A 3,000-square foot replica of an African village, which will occupy the Lory Student Center Main Ballroom this weekend, will educate students and community members about the impact of AIDS on African children.
The national exhibit, “World Vision Experience: AIDS — Step Into Africa,” tours the U.S. in an attempt to spread awareness of the preventable AIDS disease.
The free exhibit lasts from 8:30 a.m. to 8:30 p.m. today through Monday and is sponsored by World Vision, a “Christian humanitarian organization” with programs in more than 60 countries, according to the organization’s Web site.
“We encourage people to come to the exhibit, because people are changed by this exhibit,” said Jennean Heric, the tour manager for World Vision. “What we are hoping is that this is a chance for Americans to step out of their lives and into the life of an African child that has been affected by AIDS.”
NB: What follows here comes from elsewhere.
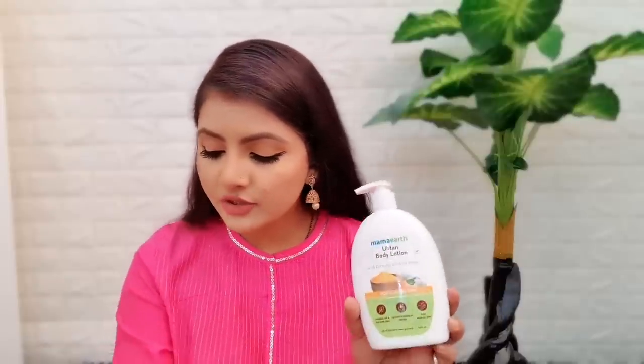Mama Earth's Upten Body Lotion, Cocoa Body Lotion, and most importantly Vitamin C Body Lotion — I am going to tell you all about them. These 4 different body lotions are suited for different skin types, different weather, and different seasons.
Mary Zenzen, the project manager for the exhibit, said the exhibit is displayed like a “maze,” with four pathways representing the lives of four different children.
The children — Babirye, Mathabo, Kombo and Emmanuel — all have different stories to tell, and everyone visiting the exhibit will be able to listen to one of their personal stories while walking through a re-enactment of what their lives are like.
World Vision now provides for the four children. They inspired the exhibit because their stories show unique aspects of the effects of AIDS, Heric said.
“The exhibit is literally bringing Africa to us: it is designed to look, smell, sound and feel like Africa,” Zenzen said. “The exhibit serves to put a face to AIDS, in order to help bring more awareness to the AIDS pandemic in Africa.”
Heric said World Vision planners aim to bring the exhibit to 70 cities this year.
The Fort Collins church network had expressed interest in bringing the exhibit to Fort Collins, Zenzen said. At this stop, she said, she hopes to emphasize education in Fort Collins, given its status as a college town.
There are more than 25 million people worldwide who are infected with AIDS, and more than 15 million children who have lost one or both parents to AIDS, according to World Vision.
“One of the reasons of the exhibit is to bring awareness to the AIDS pandemic in Africa. The children’s stories are real; they personalize the problem and put a face to the pandemic,” said Jennifer Kuntz, a spokesperson for the tour.
The main goals of the exhibit are to raise awareness of the problem of AIDS worldwide by helping people learn about the impact and magnitude of the problem, Zenzen said.
She said World Vision wants to inspire great public commitment to assist in fighting the AIDS pandemic.
“People have lots of preconceived notions about Africa and AIDS, and this exhibit will change people’s perspectives,” Zenzen said.